> [DATA]
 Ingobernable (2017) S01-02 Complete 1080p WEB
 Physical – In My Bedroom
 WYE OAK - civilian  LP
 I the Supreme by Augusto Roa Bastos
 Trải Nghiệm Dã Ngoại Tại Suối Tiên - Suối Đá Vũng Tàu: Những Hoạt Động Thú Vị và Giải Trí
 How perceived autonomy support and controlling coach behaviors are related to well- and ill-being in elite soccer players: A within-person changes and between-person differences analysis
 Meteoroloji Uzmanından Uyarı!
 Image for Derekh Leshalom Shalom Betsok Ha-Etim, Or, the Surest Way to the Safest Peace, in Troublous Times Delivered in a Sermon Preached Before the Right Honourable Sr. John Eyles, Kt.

> [TASK DESCRIPTION] Extract the complete data, matching each line exactly.

> [ANSWER AREA]
 Ingobernable (2017) S01-02 Complete 1080p WEB
 Physical – In My Bedroom
 WYE OAK - civilian  LP
 I the Supreme by Augusto Roa Bastos
 Trải Nghiệm Dã Ngoại Tại Suối Tiên - Suối Đá Vũng Tàu: Những Hoạt Động Thú Vị và Giải Trí
 How perceived autonomy support and controlling coach behaviors are related to well- and ill-being in elite soccer players: A within-person changes and between-person differences analysis
 Meteoroloji Uzmanından Uyarı!
 Image for Derekh Leshalom Shalom Betsok Ha-Etim, Or, the Surest Way to the Safest Peace, in Troublous Times Delivered in a Sermon Preached Before the Right Honourable Sr. John Eyles, Kt.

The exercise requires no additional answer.